A few months ago, a new hip was built at a ditch right down the street from my house. I drive by it every day and think to myself, 'I should go check that out and see if it's skateable.'
Well this past Saturday I finally walked down the street to check it out. What follows is how the 12-year-old skate rat who lives in my brain remembers the minor journey.
Holy shit, a ridable bank on the street that I live on? How did I not know that? Well, better make up for lost time and bomb drop off the top rope into this dog. Wait, might as well do it switch so the photo isn't a butt shot. I'm going to come back with a broom and skate here every day for at least an hour or two. I'll probably finally figure out nollie flips. Can't wait!
I bet if anybody sees me walking through this ditch they'll think I'm some kinda cool hobo. Like the kind of hobo that carries a knife but wouldn't use it unless he was forced to. Bob Dylan is cool.
Barf, yeah! This thing is sweet! That kinked out tranny kinda makes it a launcher! I'm probably gonna go all Natas on this thing. I wonder if anybody has ever gotten sponsored for skating a ditch? I know GSD was kinda the ditch dude back in the day, but I wonder if you could be a modern-day ditch pro? My graphic would probably have a centipede on it.
Ooof, that landing is kinda tight. No worries, just keep the front foot light and stay loose. The lieutenant... becomes casualty!
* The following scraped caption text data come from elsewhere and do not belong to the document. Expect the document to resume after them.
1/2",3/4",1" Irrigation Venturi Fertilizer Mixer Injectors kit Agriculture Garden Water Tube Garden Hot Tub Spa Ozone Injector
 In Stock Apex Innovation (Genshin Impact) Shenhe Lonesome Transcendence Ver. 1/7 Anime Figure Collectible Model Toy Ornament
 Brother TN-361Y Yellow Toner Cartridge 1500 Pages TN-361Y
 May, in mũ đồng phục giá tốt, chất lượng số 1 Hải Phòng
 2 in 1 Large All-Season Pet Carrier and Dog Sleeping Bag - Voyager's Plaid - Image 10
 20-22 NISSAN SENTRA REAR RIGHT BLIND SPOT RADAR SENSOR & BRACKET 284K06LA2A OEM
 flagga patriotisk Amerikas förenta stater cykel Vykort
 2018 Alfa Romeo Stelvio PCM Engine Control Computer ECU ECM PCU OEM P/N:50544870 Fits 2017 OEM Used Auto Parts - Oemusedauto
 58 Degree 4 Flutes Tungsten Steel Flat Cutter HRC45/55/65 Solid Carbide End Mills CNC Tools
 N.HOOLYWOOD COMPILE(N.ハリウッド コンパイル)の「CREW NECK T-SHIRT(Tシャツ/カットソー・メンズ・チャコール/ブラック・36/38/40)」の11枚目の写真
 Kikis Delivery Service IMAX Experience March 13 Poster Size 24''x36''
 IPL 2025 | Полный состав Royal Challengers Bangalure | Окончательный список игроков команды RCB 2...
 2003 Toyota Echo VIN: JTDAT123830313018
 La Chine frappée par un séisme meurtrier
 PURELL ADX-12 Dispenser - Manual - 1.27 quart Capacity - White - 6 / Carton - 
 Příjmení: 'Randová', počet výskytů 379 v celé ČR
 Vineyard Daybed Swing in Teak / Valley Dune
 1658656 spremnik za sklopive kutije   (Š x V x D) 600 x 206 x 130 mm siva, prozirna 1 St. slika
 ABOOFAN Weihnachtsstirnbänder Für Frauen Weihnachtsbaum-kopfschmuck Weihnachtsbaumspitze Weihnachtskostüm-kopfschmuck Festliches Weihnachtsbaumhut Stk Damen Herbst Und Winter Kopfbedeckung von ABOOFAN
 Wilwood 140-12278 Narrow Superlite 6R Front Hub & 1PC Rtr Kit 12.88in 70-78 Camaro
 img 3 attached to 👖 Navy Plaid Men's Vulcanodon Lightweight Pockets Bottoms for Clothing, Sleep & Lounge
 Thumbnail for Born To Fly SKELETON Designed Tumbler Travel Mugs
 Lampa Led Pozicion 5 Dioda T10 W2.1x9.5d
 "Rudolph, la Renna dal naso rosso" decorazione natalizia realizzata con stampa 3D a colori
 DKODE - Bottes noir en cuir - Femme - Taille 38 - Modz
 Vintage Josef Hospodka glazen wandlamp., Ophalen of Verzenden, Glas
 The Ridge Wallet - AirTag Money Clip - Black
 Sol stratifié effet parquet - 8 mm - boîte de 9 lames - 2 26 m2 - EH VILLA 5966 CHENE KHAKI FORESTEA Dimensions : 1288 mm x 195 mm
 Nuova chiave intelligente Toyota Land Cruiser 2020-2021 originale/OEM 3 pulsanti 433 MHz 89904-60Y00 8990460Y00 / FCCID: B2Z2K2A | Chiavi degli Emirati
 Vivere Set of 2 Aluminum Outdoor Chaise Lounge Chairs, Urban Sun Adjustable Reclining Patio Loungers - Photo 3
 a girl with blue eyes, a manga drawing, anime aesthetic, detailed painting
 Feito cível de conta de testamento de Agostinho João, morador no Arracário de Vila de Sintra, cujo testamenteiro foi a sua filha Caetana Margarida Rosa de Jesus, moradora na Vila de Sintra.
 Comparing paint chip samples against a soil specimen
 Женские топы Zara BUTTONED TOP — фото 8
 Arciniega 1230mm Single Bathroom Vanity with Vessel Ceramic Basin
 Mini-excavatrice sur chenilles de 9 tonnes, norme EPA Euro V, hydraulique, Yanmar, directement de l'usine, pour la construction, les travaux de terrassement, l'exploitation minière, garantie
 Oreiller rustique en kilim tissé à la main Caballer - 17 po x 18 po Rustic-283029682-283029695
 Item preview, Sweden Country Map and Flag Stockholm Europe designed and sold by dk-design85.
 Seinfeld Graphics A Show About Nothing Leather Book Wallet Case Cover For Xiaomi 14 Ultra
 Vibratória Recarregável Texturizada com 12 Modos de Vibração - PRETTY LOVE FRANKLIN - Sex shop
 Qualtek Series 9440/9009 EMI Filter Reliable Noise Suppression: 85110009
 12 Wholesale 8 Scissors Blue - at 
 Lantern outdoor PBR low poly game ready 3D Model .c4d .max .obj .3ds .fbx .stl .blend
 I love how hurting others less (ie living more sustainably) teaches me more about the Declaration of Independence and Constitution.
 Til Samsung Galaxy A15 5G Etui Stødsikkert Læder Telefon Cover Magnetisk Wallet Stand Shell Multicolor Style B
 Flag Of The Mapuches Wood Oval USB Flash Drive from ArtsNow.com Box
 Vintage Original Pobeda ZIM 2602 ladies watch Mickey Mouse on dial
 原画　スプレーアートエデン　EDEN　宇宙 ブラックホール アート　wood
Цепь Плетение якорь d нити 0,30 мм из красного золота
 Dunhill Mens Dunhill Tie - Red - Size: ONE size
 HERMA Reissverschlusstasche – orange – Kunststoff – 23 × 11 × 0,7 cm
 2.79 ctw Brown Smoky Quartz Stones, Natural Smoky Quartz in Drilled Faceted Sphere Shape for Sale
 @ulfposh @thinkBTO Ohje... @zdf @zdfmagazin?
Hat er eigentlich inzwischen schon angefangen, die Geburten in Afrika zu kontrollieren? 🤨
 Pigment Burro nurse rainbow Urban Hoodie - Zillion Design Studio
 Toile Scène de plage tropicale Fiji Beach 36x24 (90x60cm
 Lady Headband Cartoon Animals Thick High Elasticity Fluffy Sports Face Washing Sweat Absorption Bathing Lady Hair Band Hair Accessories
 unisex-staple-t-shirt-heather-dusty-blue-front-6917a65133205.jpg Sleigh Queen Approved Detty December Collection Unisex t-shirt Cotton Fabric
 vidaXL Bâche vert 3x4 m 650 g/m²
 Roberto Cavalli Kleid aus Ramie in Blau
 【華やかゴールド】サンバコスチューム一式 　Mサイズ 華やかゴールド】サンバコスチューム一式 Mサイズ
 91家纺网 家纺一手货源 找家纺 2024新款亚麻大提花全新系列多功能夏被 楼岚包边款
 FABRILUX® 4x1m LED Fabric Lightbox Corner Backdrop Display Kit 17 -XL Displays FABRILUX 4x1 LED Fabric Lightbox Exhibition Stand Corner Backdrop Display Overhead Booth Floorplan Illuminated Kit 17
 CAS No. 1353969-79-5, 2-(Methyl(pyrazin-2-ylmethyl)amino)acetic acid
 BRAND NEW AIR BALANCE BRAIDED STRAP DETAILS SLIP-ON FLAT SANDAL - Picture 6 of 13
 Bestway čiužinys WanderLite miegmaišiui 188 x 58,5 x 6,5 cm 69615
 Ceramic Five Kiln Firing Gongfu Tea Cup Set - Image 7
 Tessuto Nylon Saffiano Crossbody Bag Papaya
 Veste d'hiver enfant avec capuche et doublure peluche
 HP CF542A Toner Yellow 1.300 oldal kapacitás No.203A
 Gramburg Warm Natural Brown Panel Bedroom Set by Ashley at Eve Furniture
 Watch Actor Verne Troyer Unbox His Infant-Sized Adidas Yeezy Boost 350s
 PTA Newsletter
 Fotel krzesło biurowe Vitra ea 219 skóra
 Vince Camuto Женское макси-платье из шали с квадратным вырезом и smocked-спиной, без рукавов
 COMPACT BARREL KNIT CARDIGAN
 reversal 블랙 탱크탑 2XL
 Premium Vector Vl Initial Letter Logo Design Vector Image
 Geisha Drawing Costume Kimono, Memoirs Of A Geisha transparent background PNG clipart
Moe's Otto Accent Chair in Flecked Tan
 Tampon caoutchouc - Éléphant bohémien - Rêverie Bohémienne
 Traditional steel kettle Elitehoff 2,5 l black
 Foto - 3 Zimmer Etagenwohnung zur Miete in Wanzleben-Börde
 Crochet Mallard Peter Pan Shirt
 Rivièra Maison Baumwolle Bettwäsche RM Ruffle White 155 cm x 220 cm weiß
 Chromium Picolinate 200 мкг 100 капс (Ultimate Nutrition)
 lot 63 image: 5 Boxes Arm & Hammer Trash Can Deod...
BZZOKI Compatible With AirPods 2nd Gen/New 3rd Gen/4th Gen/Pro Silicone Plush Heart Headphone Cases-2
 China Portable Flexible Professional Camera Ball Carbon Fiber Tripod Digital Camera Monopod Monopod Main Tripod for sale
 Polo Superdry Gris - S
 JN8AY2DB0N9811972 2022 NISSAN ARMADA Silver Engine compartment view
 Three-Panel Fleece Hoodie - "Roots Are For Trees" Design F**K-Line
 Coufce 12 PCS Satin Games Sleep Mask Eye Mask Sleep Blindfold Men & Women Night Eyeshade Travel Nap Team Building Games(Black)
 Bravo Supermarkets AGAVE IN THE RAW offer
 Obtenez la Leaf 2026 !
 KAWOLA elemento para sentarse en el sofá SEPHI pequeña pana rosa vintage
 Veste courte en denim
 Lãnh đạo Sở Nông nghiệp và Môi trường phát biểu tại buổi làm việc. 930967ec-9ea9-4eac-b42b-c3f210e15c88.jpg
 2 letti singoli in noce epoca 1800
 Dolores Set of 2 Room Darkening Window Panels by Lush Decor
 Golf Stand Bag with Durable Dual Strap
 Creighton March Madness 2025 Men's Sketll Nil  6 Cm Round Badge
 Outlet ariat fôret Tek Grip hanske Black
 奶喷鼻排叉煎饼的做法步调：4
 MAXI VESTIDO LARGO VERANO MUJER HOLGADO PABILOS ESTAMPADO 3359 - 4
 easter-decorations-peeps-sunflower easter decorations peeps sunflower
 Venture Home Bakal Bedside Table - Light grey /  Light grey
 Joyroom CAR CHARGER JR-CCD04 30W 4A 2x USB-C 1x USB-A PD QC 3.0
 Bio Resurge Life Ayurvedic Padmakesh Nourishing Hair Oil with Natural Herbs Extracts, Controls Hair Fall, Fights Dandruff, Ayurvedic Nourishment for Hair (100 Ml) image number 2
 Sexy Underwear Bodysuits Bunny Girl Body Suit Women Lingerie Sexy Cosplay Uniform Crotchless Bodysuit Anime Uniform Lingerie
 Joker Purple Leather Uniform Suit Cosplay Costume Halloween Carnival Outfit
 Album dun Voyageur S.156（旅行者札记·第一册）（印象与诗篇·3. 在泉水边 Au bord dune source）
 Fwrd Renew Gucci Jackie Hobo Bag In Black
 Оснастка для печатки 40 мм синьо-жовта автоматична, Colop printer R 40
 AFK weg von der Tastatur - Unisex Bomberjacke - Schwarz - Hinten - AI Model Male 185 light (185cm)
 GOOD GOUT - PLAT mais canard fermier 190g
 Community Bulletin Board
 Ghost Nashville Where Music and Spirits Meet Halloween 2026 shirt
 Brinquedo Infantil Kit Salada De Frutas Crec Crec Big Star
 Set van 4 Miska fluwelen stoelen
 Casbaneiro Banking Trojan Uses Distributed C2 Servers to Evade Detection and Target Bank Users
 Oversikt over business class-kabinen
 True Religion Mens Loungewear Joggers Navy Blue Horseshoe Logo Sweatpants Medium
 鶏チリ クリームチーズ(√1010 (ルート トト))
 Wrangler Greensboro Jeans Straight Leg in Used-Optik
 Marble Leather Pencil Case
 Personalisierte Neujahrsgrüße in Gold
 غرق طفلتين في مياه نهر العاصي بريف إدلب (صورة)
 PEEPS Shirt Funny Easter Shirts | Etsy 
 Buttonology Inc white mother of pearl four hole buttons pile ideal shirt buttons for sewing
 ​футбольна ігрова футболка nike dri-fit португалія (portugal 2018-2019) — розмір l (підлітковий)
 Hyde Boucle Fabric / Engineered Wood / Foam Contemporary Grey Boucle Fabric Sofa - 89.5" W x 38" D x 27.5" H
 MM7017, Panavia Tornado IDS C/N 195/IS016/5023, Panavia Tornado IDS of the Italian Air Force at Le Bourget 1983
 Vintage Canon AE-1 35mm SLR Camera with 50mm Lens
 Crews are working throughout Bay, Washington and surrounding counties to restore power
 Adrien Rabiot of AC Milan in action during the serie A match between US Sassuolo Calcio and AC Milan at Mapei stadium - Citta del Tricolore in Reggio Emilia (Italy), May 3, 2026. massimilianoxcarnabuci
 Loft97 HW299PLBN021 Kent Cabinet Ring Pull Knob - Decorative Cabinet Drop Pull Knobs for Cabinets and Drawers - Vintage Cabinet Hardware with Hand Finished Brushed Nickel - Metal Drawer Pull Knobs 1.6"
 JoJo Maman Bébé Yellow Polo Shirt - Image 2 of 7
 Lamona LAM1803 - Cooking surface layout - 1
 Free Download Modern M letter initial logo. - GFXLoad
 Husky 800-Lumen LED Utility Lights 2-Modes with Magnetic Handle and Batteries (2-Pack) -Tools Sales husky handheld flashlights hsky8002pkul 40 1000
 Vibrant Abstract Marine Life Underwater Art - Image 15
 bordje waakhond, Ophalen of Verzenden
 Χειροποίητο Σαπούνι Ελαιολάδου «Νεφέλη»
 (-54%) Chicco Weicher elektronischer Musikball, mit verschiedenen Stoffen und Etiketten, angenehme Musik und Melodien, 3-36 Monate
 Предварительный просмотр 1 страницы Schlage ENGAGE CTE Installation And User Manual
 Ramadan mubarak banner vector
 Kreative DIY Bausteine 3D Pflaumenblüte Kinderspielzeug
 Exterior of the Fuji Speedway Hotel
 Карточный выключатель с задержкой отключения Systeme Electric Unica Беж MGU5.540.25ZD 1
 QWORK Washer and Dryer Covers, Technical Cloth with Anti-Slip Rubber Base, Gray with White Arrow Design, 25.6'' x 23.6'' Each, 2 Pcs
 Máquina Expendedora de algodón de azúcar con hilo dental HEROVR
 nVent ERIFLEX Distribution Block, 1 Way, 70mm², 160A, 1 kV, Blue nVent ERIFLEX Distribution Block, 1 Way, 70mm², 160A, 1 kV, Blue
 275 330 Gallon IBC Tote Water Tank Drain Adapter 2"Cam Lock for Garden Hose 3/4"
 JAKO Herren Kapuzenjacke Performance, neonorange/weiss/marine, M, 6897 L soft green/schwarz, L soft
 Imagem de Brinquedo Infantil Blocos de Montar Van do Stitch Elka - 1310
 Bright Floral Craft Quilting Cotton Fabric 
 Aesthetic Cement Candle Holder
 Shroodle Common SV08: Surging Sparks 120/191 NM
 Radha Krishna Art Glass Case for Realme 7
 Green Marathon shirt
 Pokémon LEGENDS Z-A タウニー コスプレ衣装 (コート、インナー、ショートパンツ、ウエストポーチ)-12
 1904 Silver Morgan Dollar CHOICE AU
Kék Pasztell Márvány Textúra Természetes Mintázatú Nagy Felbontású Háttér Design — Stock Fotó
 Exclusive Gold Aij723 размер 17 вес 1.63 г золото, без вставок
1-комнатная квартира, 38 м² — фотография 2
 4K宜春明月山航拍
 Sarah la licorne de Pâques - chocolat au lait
While I'm here I should probably barge a harsh blunt on this crust zone. Tom Knox could probably frontside hurricane it, but that's cool. Maybe I'll come back with some QuickCrete and fix that crack at the bottom of the bank. Maybe I'll figure out what QuickCrete actually is. Maybe I'll just call a Boban and see if they can fix it?
What? They fixed the big hip? I'm about to get my Rick Howard 360 flip on over that thing. I'll try to clear the whole middle section and land far enough on the other bank that I can avoid the crustaceous period at the bottom of the ditch. I'm so glad I finally came down here to check this thing out. I am totally shredding!
So that's how the 12-year-old skate rat in my brain remembers the trip to the ditch. Here's how the 38-year-old man in my body remembers the trip.
The kid and the wife are both napping, I can probably sneak out and go look at that drainage ditch down the street. Should I take my board? Nah... might be sort of embarrassing if I have to talk to my neighbors or the police. Plus, I'm going to go skate a miniramp later today, don't want to overdo it. Plus, I just set up a new board and don't really want to get my grip tape all dirty before I go skate the ramp.
Weird, I didn't know there was a steep, dirty, rough bank down the street from my house... pretty sure I won't ever skate that thing.
Man, I hope none of these homeowners call the cops on the grown-ass man creeping behind their houses in the ditch. I look kinda like an uncool 38-year-old teenager. Like the kinda 38-year-old teenager that carries a knife and probably uses it to invade homes.
Welp, looks like the ditch is still super rough and the new hip is way gnarlier than it looks from the road. Probably not gonna spend much time here in the future. I bet Holland Austin or Dylan Jones could do some serious stuff here. I wonder how long I've been gone now? I should probably head back home before the kid wakes up. I wonder if Natas still skates?